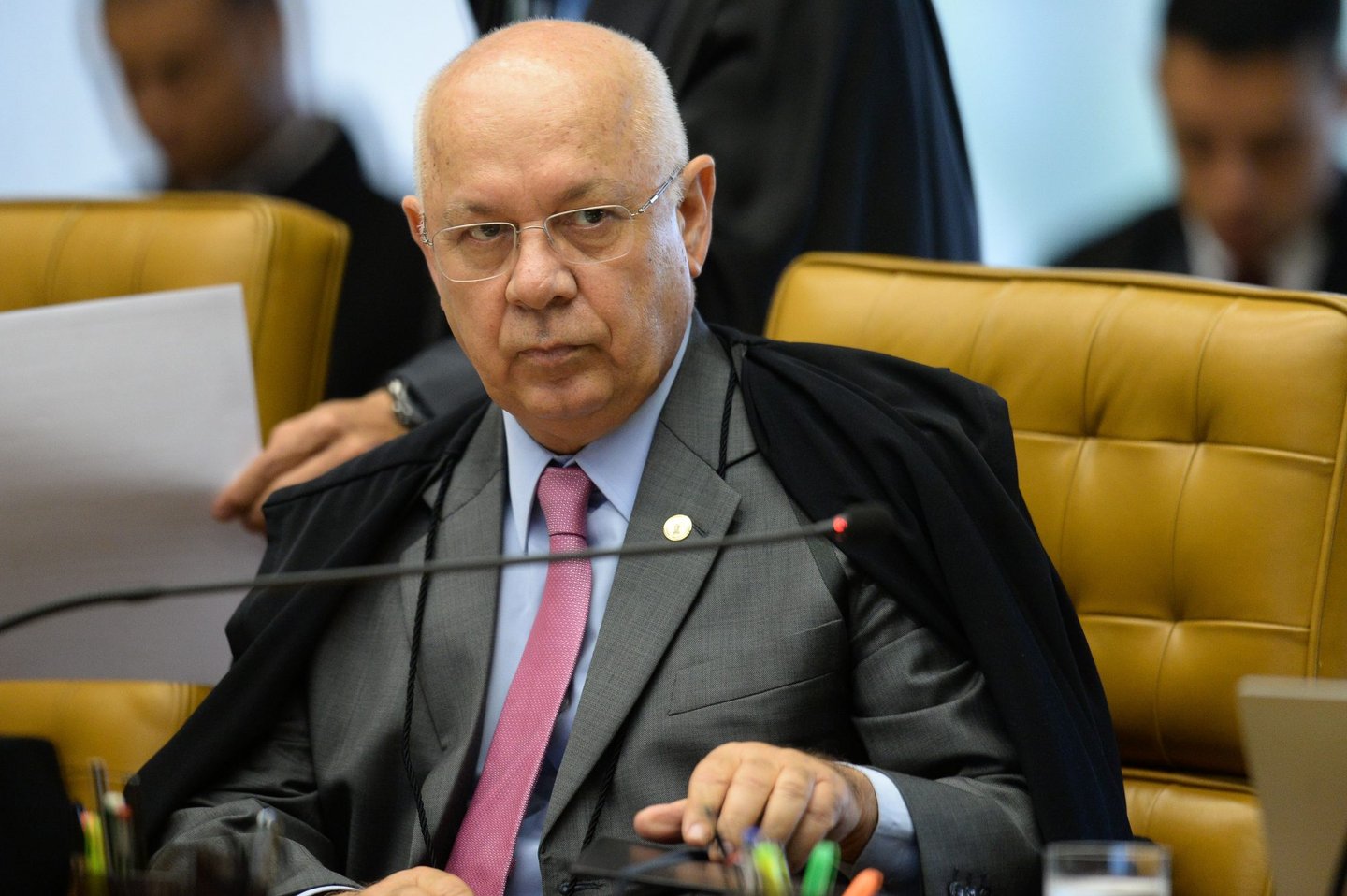 Brazil's Supreme Court (STF) Minister Teori Zavascki during the March 31, 2016 session in Brasilia. The Supreme Court, which is due at some point to rule on whether former Brazilian President Luiz Inacio Lula da Silva can take up his cabinet post, meet to rule separately on whether chief judge in the Petrobras probe, Sergio Moro, can retain jurisdiction over the former president. AFP PHOTO/ANDRESSA ANHOLETE / AFP / Andressa Anholete (Photo credit should read ANDRESSA ANHOLETE/AFP/Getty Images)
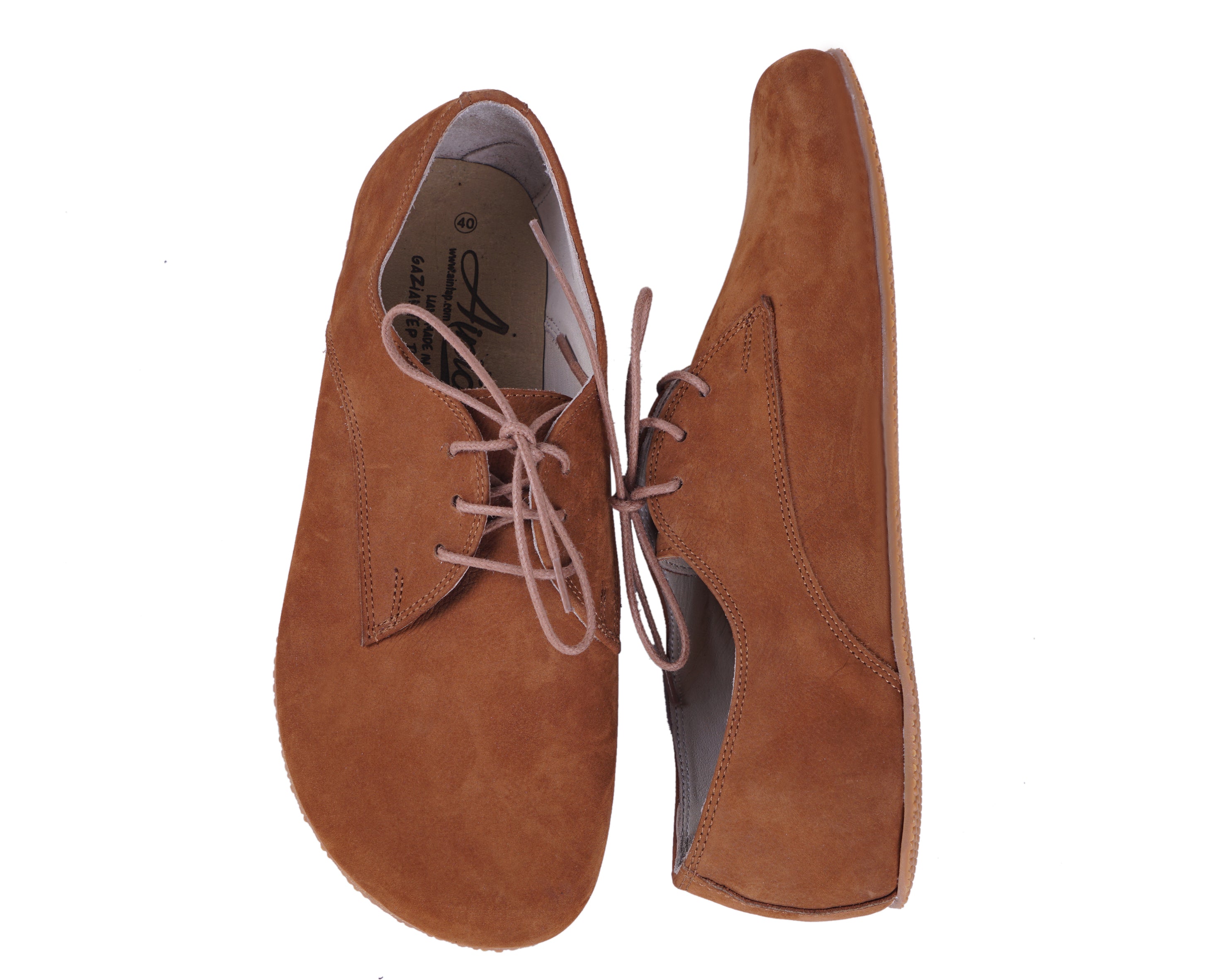 Tan Oxford Wide Barefoot Shoes Nubuck Leather Handmade 4mm Rubber Outsole 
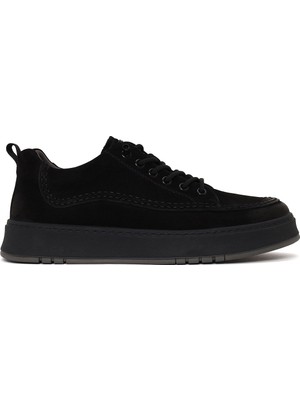 Derimod Erkek Siyah Bağcıklı Kalın Tabanlı Nubuk Deri Sneaker WM680052DN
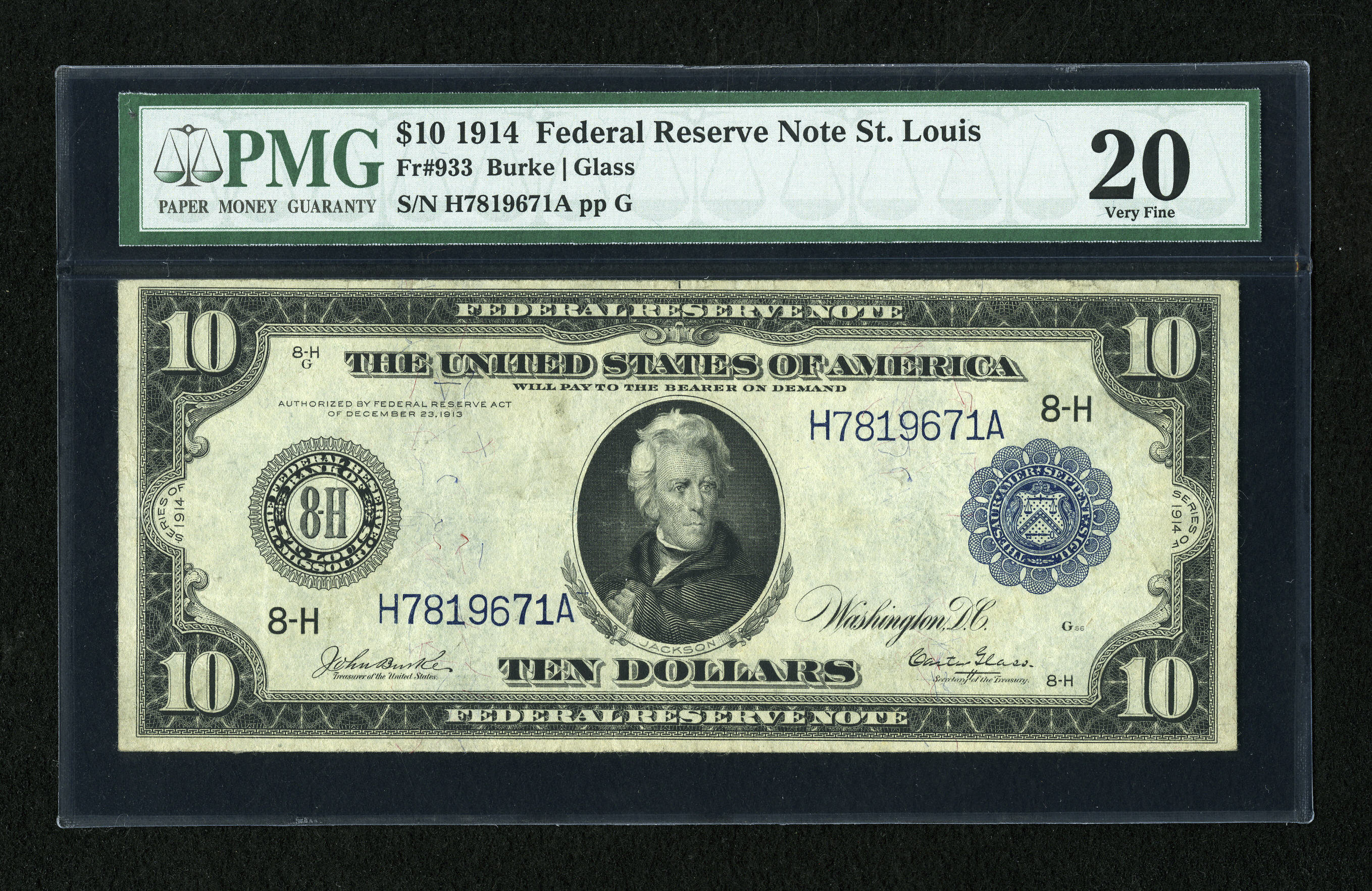 image for: Fr. 933 $10 1914 Federal Reserve Note PMG Very Fine 20....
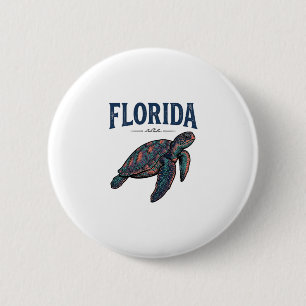 Florida Zeeschildpad Vintage Gravure Grafisch_1 Ronde Button 5,7 Cm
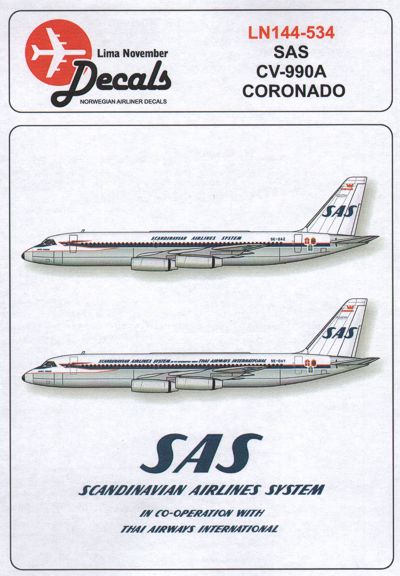 Lima November LN44534 1:144 Convair CV-990A SAS/Scandinavian Air Services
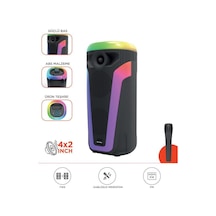 D69 Siyah Rgb Ledli Kablosuz Mikrofonlu Radyolu Taşınabilir Bluetooth Hoparlör Parti Speaker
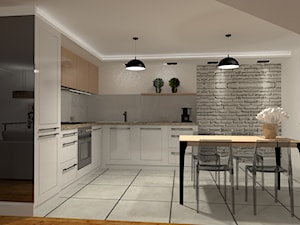 Adaptacja poddasza II - Duża otwarta z kamiennym blatem biała z zabudowaną lodówką kuchnia w kształcie litery l, styl tradycyjny - zdjęcie od Wnętrza Dabińska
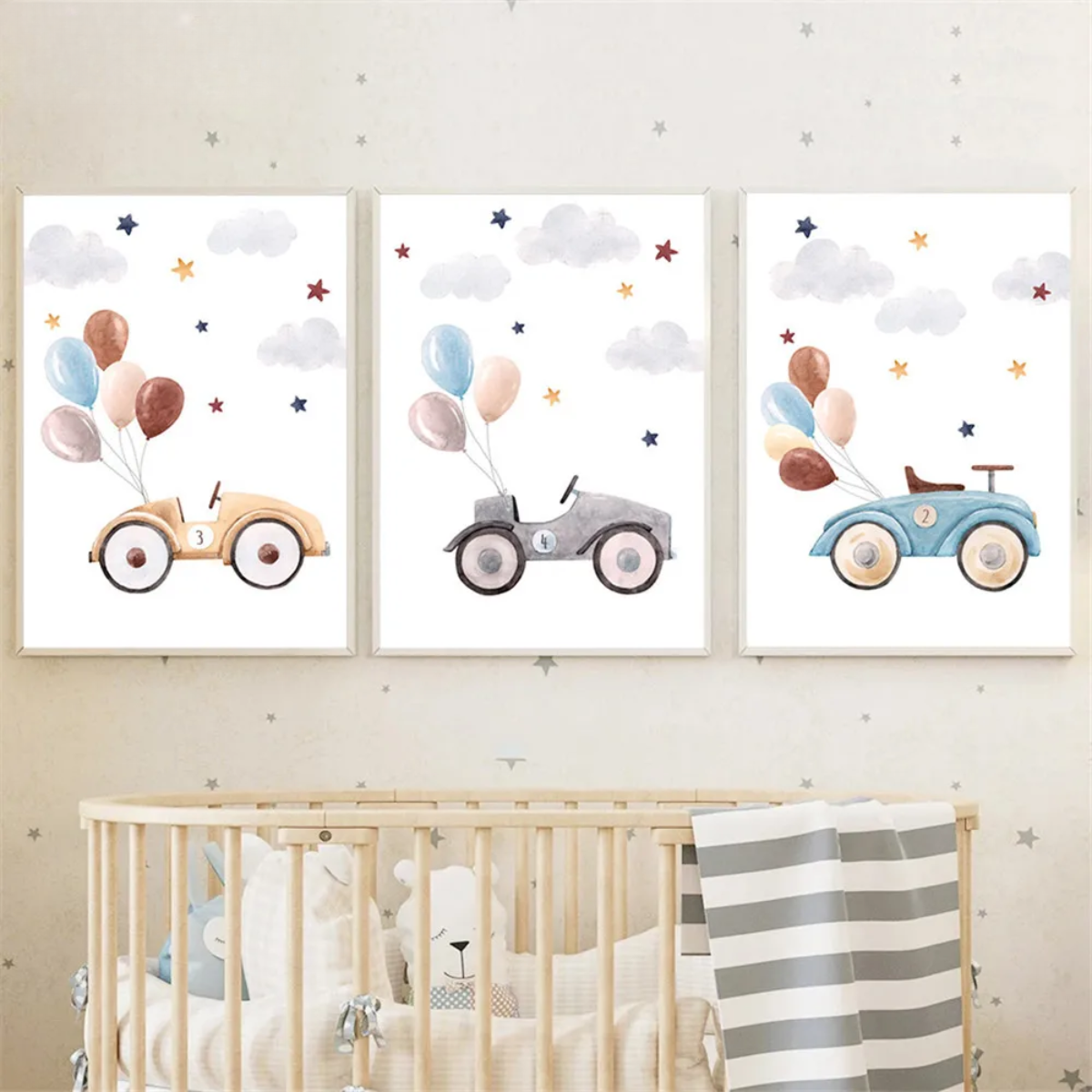 Kids Cartoon Vehicles Canvas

══════════════════════════════

PROBLEM STATEMENT: Starting at the line with "D69 Siyah Rgb", reproduce exactly each line through the end of the entries, including the first and the last, and skip the pictures.

FINISHED EXERCISE:
 D69 Siyah Rgb Ledli Kablosuz Mikrofonlu Radyolu Taşınabilir Bluetooth Hoparlör Parti Speaker
 Adaptacja poddasza II - Duża otwarta z kamiennym blatem biała z zabudowaną lodówką kuchnia w kształcie litery l, styl tradycyjny - zdjęcie od Wnętrza Dabińska
 Kids Cartoon Vehicles Canvas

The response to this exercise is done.